The aim of the present study was to investigate the chemical composition and the in vitro antimicrobial activity of sixteen EOs derived from different botanical species, alone or in mixture, against E. coli and A. fumigatus strains previously isolated from poultry. EOs were chosen on the basis of their commercial availability, odor characters and no toxicity in view of a possible environmental use.

2. Materials and Methods

2.1. Essential Oils

The antimicrobial activity of the following sixteen EOs, kindly provided by the producer (FLORA®, Pisa, Italy), was investigated: lemon verbena (Aloysia tryphilla (L’Hèr.) Britton), incense (Boswellia sacra Flueck.), cinnamon (Cinnamomum zeylanicum J. Presl), bitter orange (Citrus aurantium L.), bergamot (Citrus bergamia Risso & Poit.), lemon (Citrus limon (L.) Osbeck), mandarin (Citrus reticulata Blanco), lemon grass (Cymbopogon citratus (DC.) Stapf), eucalyptus (Eucalyptus globulus Labill.), lavender (Lavandula hybrida), litsea (Litsea cubeba (Lour.) Pers.), basil (Ocimum basilicum L.), tea tree (Melaleuca alternifolia), peppermint (Mentha piperita), geranium (Pelargonium graveolens L’Hèr.), clove (Syzygium aromaticum (L.) Merr. & L.M. Perry).

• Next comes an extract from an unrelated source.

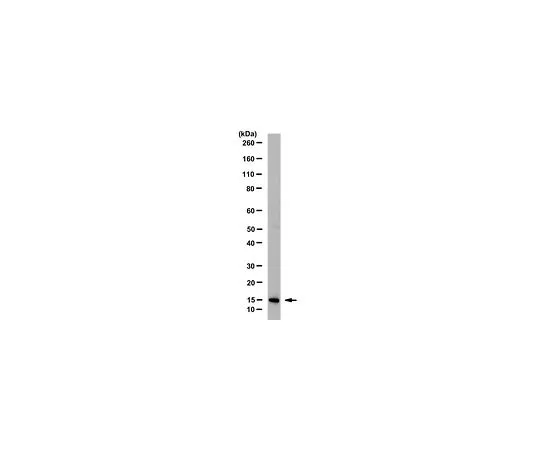 62-8508-69　Anti-INK4a (p16) Antibody, clone 13H4.1　MABE1328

After preliminary results about the efficacy of each EO, mixtures have been made with the most active ones. Mixtures were prepared with 1:1 proportion (w/w) of L. cubeba and C. citratus (M1), L. cubeba and A. triphylla (M2), A. triphylla and C. citratus (M3), as well as for S. aromaticum and C. zeylanicum (M5) together with a mixture of three EOs (M4) obtained with A. triphylla, C. citratus and L. cubeba (1:1:1). All EOs and mixtures were maintained at 4 °C in dark glass vials until their use. Then they were microbiologically analyzed for quality control before antibacterial and antimycotic activity tests. At this purpose, a loopful of each EO was streaked onto a blood agar plate and the plates were incubated at 37 °C for 48 h.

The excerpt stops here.